Dataset content:
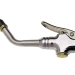 Amflo® 205ATD 205ATD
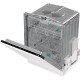 Посудомийна машина Gorenje GV643D90 Посудомийна машина Gorenje GV643D90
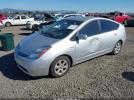 Toyota Prius Image 4
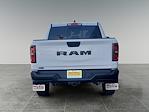 2025 Ram 1500 Crew Cab 4x2 Pickup for sale #E50620 - photo 4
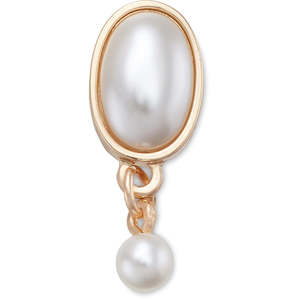 Jibbitz Tiny Pearl Dangle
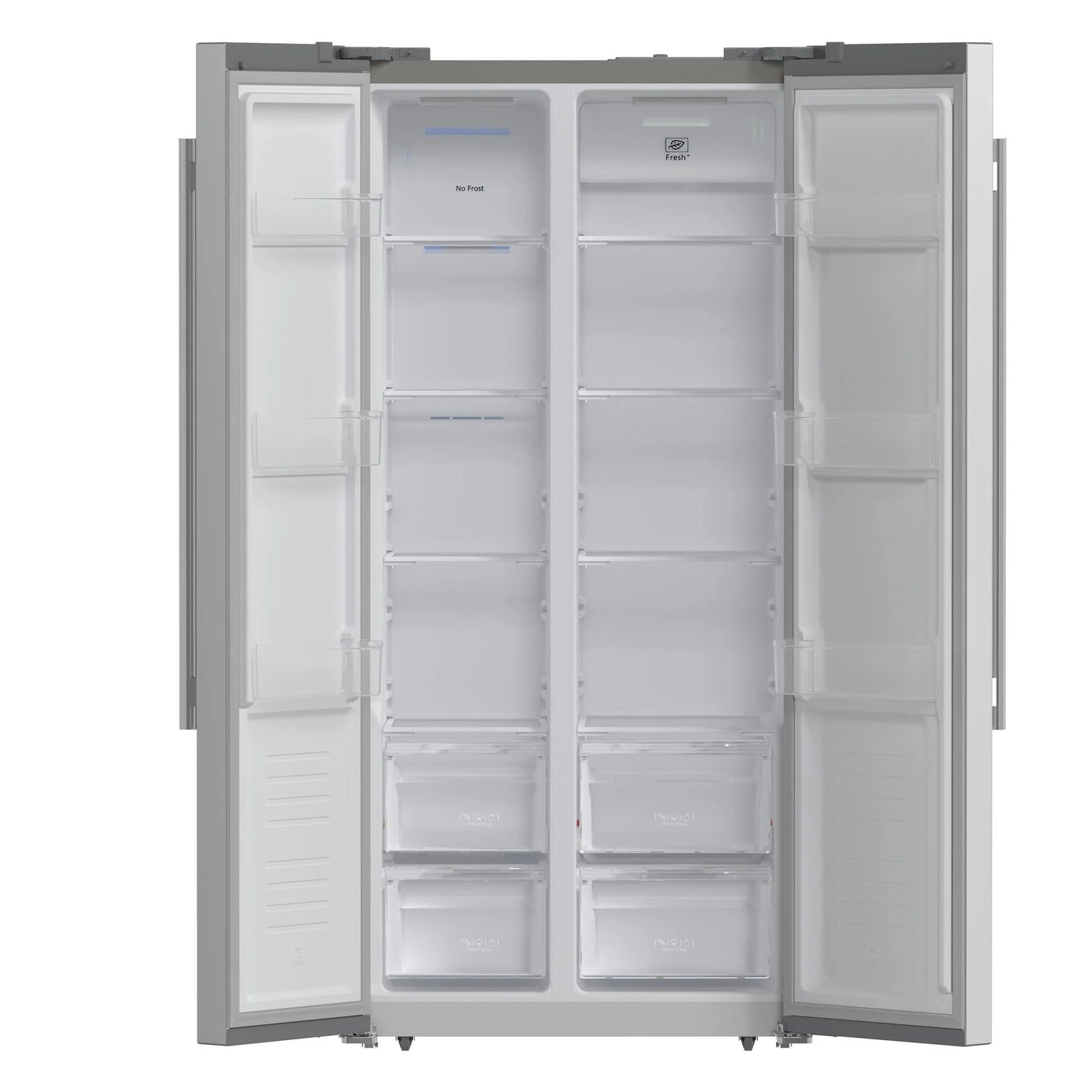imageye___-_imgi_239_Fridge_FFRBI1805-33SB_V2_Front_Open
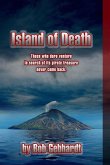 Island Of Death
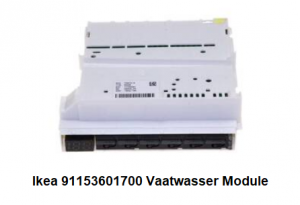 Ikea 91153601700 Vaatwasser Module verkrijgbaar bij Anka
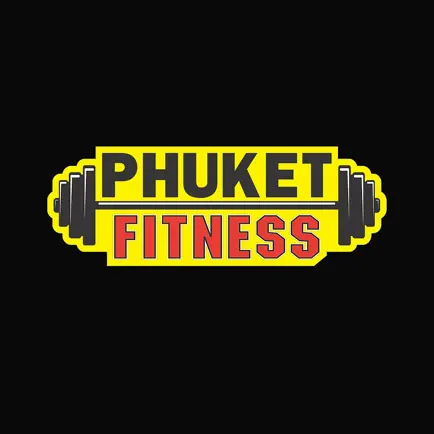 24PhuketFitness Cheats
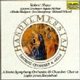 Handel George Frideric - Messiah, The - Favourite Choruses & Arias (Shaw, Atlanta So) (CD): G.F. Handel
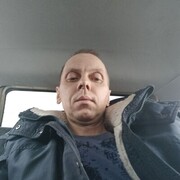  ,   , 48 ,   ,   , c , 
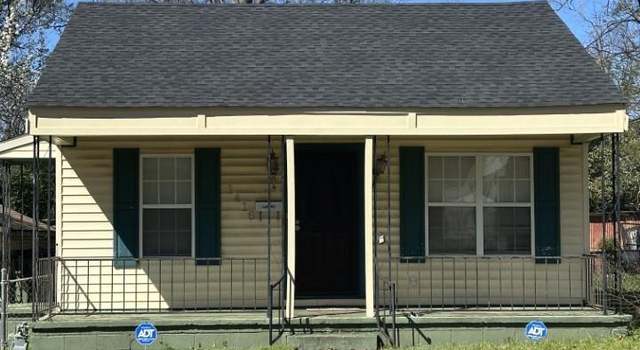 Photo of 1416 18th Way SW, Birmingham, AL 35211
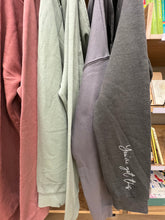 Load image into Gallery viewer, You've Got This! Hoodie - Charcoal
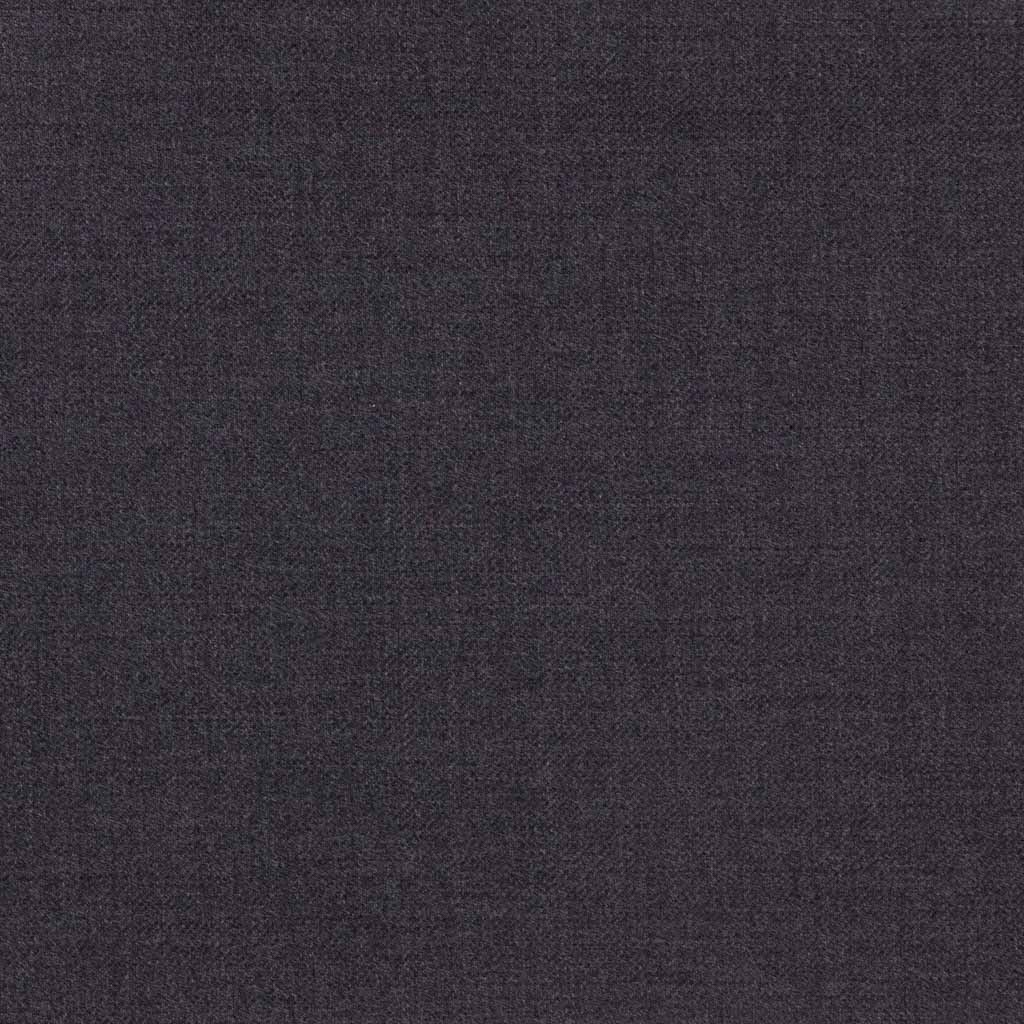 [450214] GREY, PLAIN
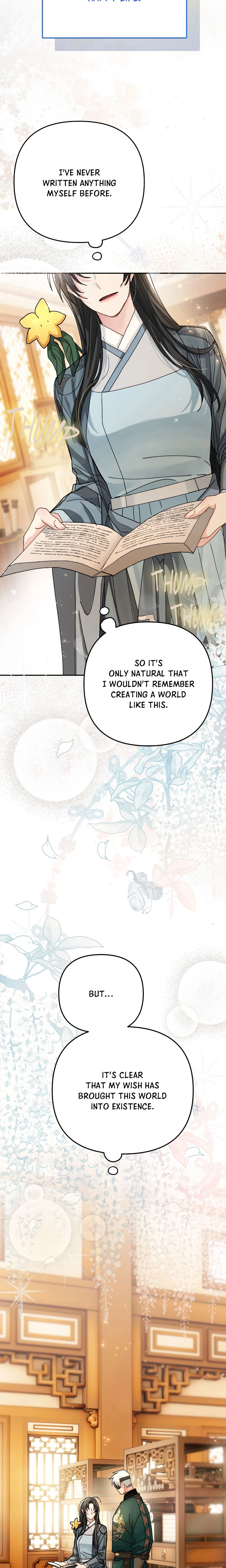 Chapter 40, page 26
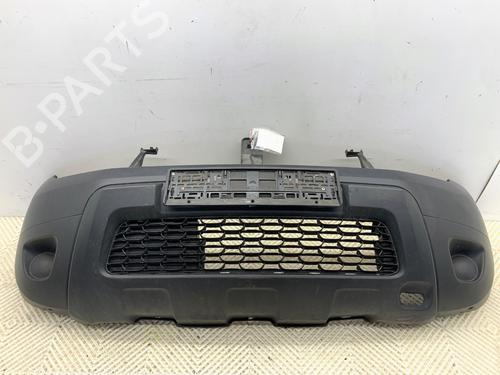 front-bumper-dacia-duster-hs_-2010-2011-2012-2013-2014-2015-2016-2017-2018-39289118 main image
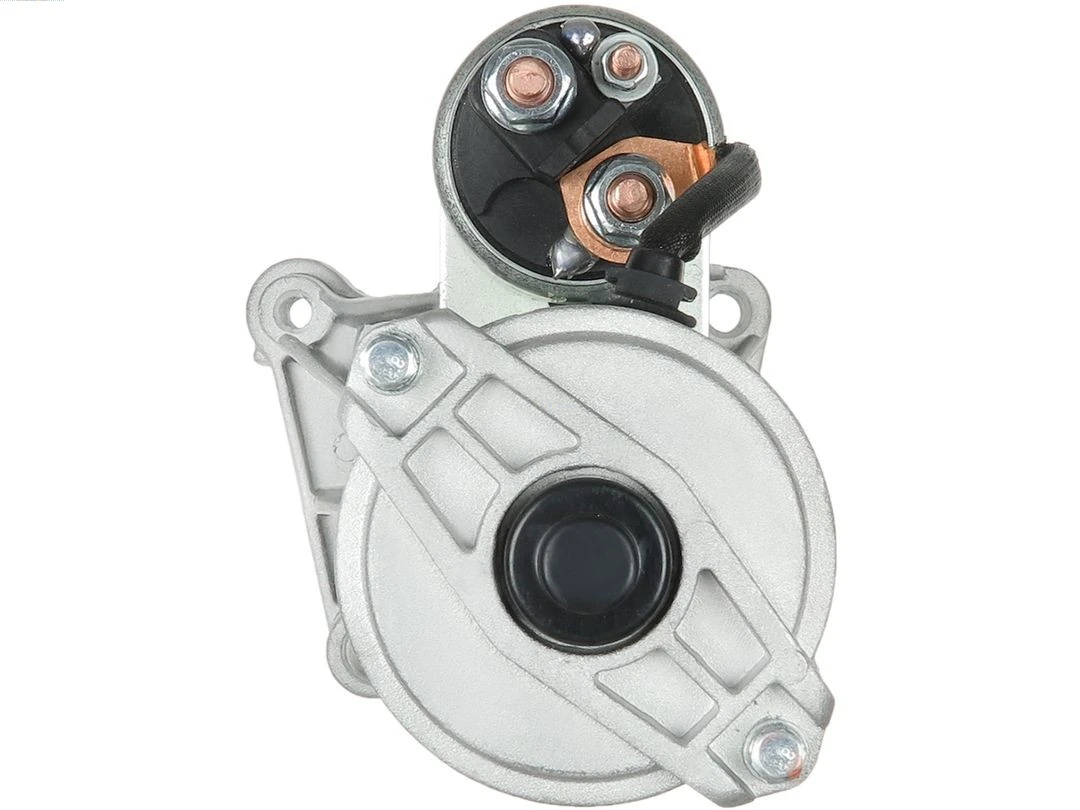 Motor de arranco As-pl S3058 preço, a partir de 55,87 USD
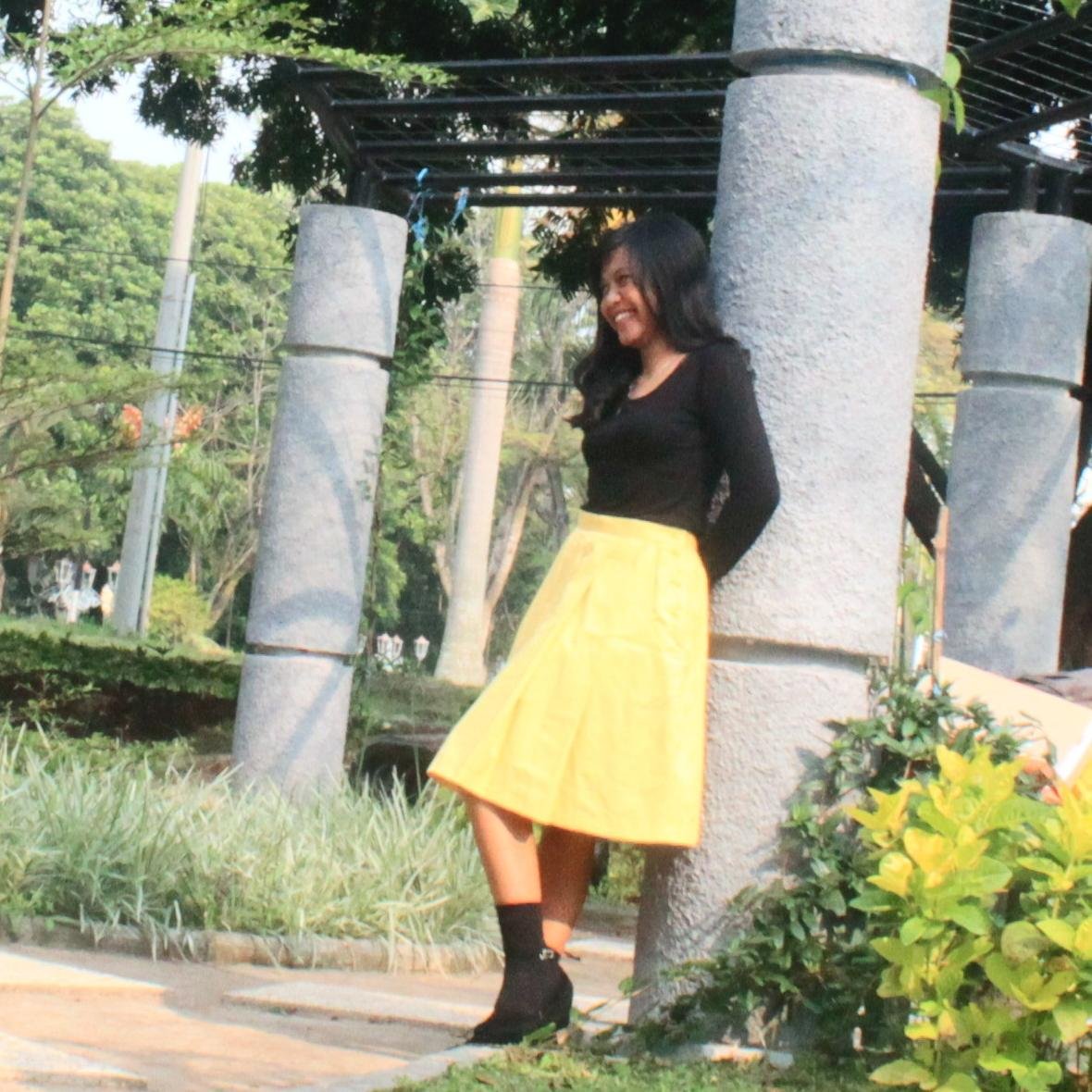 folback mention yaaaaa ;)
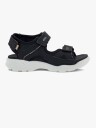 ECCO Biom Raft - Black - 38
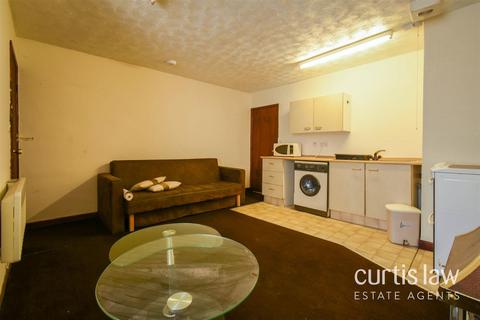 undefined, Dill Hall Lane, Church, BB5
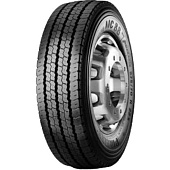 Фото грузовых шин MC88 II
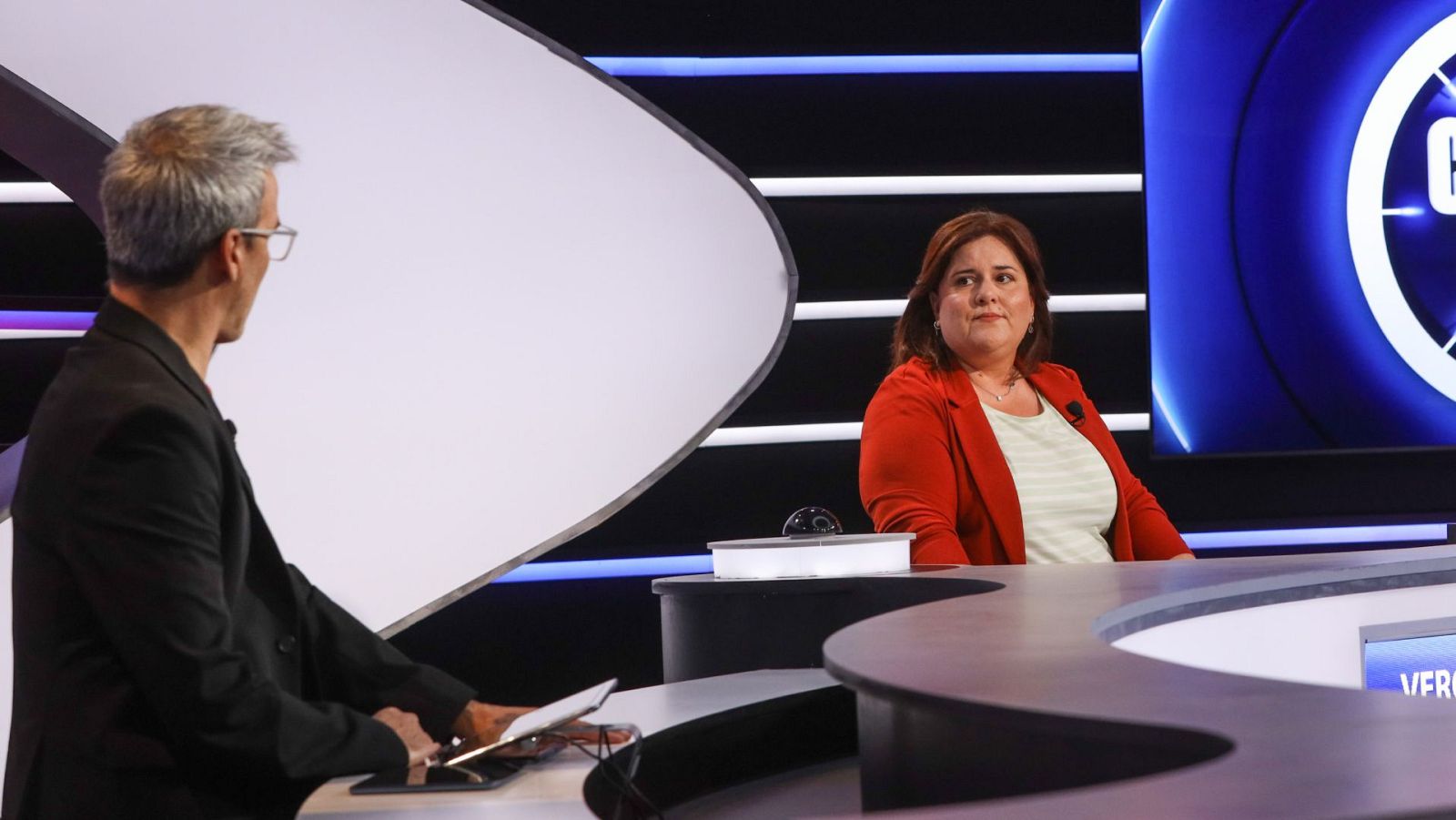 Cifras y letras - Programa 145 - ver ahora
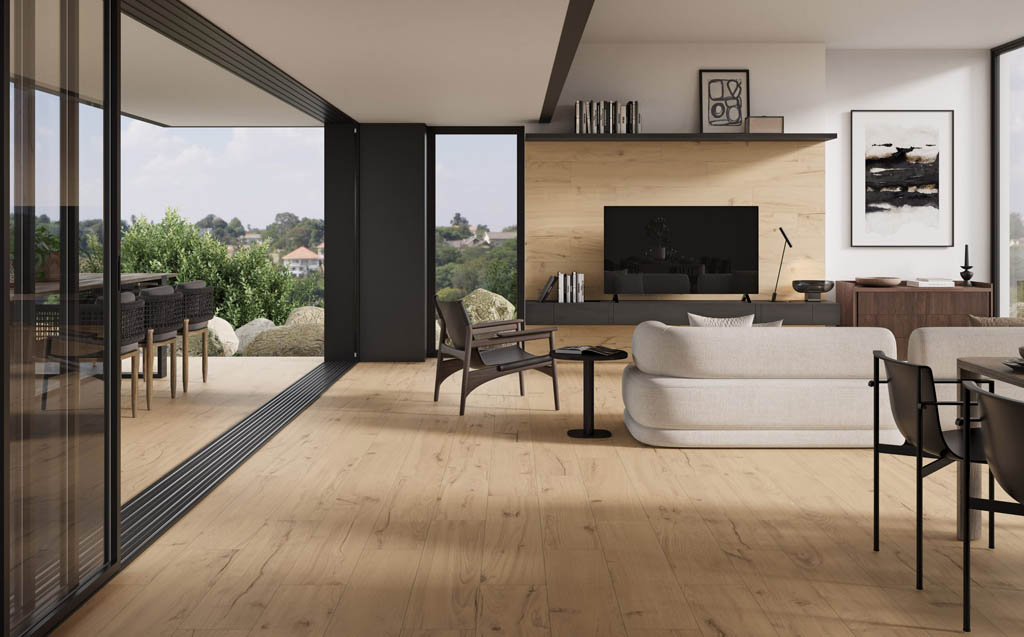 Fanal Vera Csempe és Padlólap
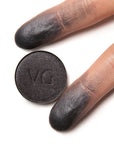 Provg Shadow Basic Satin 042 Graphite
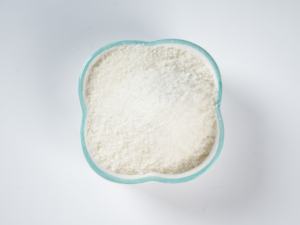 Feuilles de gélatine de <span class=keywords><strong>poisson</strong></span> de haute clarté pour guimauves et production gommeuse dissolution rapide multi maille - Product Image 4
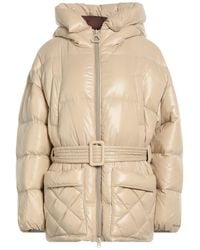 Replume' - Plumífero y acolchado - Lyst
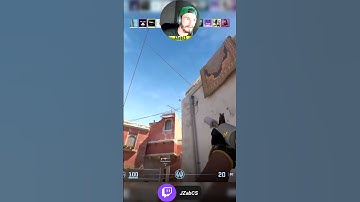 ENTIRE CS2 MM LOBBY TRYING SKY BOX BOOST!!!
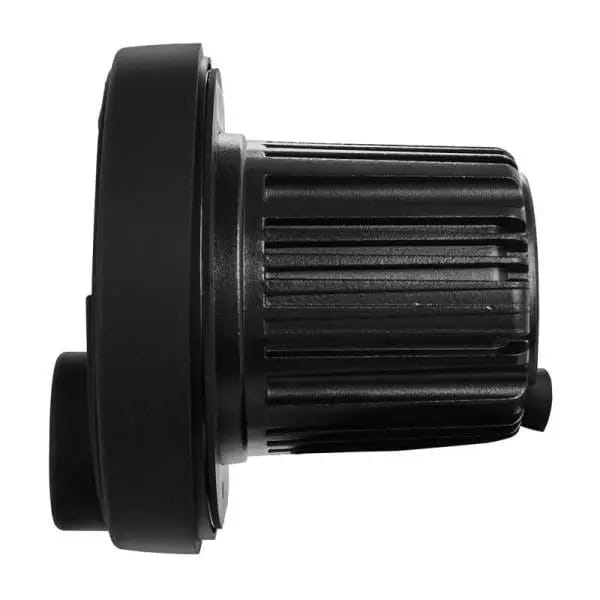 DS18 2.75in LCD screen 1 Zone 4 volts Output BT RDS 4 x 40 Watts Silicone Cover Headunit thumbnail 7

Required action: After locating "imageye___-_imgi_239_Fridge_FFRBI1805-33SB_V2_Front_Open" and "Chapter 40, page 26" in the records above, return exactly the line holding each one and every line between them; leave out the pictures.

Solution for this exercise:
imageye___-_imgi_239_Fridge_FFRBI1805-33SB_V2_Front_Open
 Island Of Death
 Ikea 91153601700 Vaatwasser Module verkrijgbaar bij Anka
 24PhuketFitness Cheats
 Handel George Frideric - Messiah, The - Favourite Choruses & Arias (Shaw, Atlanta So) (CD): G.F. Handel
  ,   , 48 ,   ,   , c , 
 Photo of 1416 18th Way SW, Birmingham, AL 35211
 Load image into Gallery viewer, You've Got This! Hoodie - Charcoal
 [450214] GREY, PLAIN
 Chapter 40, page 26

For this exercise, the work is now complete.